Advice to New Agents Getting into the Business

Pot of gold

Many members of the public look at a real estate agent's job as glamorous with days of looking at pretty houses and taking clients to lunch and dinner. The fancy cars and expense accounts allow agents to play golf, take frequent vacations and wear high fashion wardrobes. WRONG!

The reality is we get paid based on commissions and having real estate closings that really happen. If the closing doesn't take place, all the hard work goes down the drain without being paid. Nobody stands over you and makes you work each day. It is up to you to set your goals, be innovative and to accomplish the tasks of the workday. You start each day unemployed and must make things happen to further your career. Each day is a learning experience and a building block in your business.

What the public doesn't see is the money invested, the hard work and long hours that are required to put the face of success on our careers. There is a pot of gold to be had but it comes with working long work weeks, very little time off, some disappointments along the way, no expense accounts for sure, and learning to win the business over your competition. It takes a well executed plan and your investment in it.
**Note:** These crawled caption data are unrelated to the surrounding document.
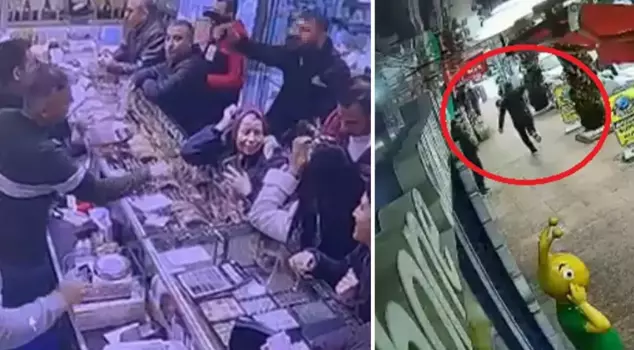 He took 100 grams of gold, fired into the air, and fled.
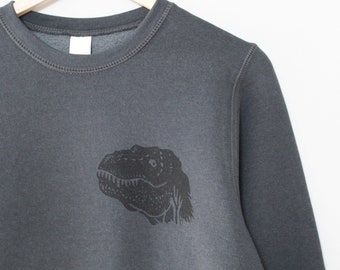 Dinosaur bamboo unisex sweatshirt, t-rex block print design, charcoal organic fleece crewneck sweater, ethical fashion, soft dino jumper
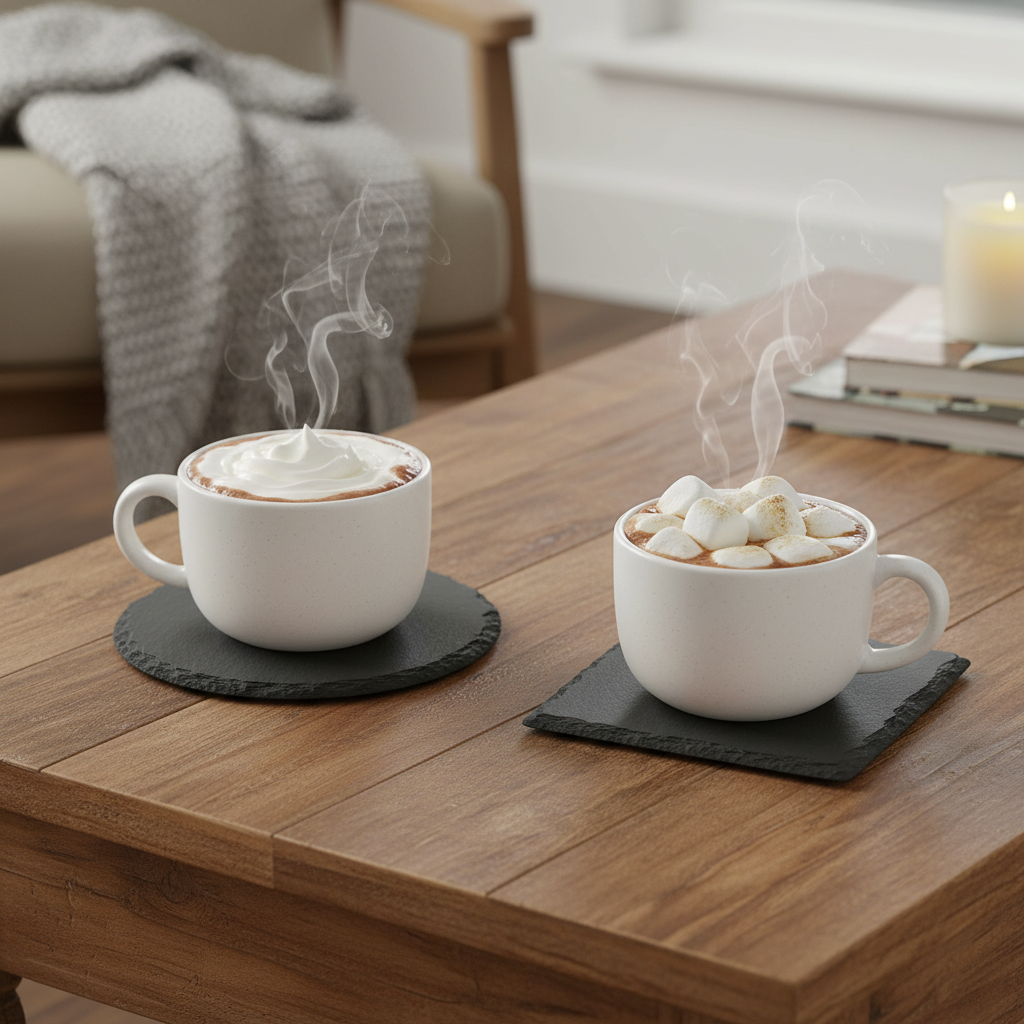 Personalized Engraved Slate Coasters — Round or Square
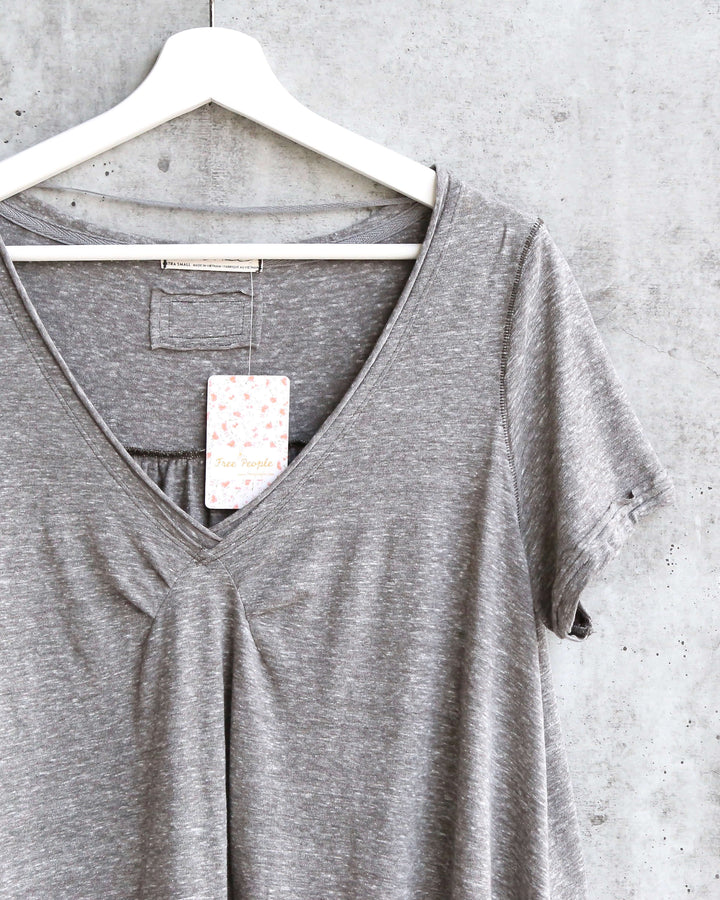 Free People All You Need Ruched V-Neck Tee - Bitter Olive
The work starts at the very beginning, the first day of licensure. You can never let up and you have to treat it like a real job and work it. When agents give up and leave the business, many say they are going to go get a Real Job. They had one but didn't know how to make it work for them, establish good work habits or to define their careers. Much of what a successful agent does is self generated and executed. It comes from the gut.

  • What do you wish you had known the very first year you were in the business that cost you lost business or income?

    I wish I had known to keep a good database of everyone I worked with. Even those that may not have bought right then or had moved away were potential business. If  I had just stayed in touch and thought about building a business for the future and not just the present I would have made money. I never gave a thought about the referral side of the business of who they knew. Meantime I lost tens of thousands of dollars in income and connections for a lifetime.
  • Was there ever a time you questioned whether you had made the right choice of being a real estate agent? What events caused you to stick with it and succeed?

    About my fifth year in the business I hit a rough spot. It seemed like everything I was working on fell through. I kept pressing forward but doors were slammed in my face. After a series of discouragements I went home at the end of the day and told my husband it was clear that I needed to leave the business. I took the door slamming as clear signs I needed to do something else. What the something else was, I had no idea.

    Just as I had gained my husband's support to do whatever I thought I needed to do and to quit first thing the next morning, the phone rang. It was a young military couple that had just arrived in town that I had been corresponding with for a couple of months. They said they needed to buy a home and asked how early could we start looking in the morning? I set the appointment for 8:30 to get an early start and to make sure we could find them a home before the day was finished.

    I was smiling and exhilarated as I hung up the phone. My husband looked at me strangely and asked how I was going to meet them when I had a first thing appointment to quit the business. I told him I had to help this young family and that was my priority. I never looked back. 

    I love helping others and don't focus on any discouragements or doors slamming. I have my eyes set on looking for the open windows.
  • What are 3 things you have learned along the way that have positively affected you and helped improve your real estate business? 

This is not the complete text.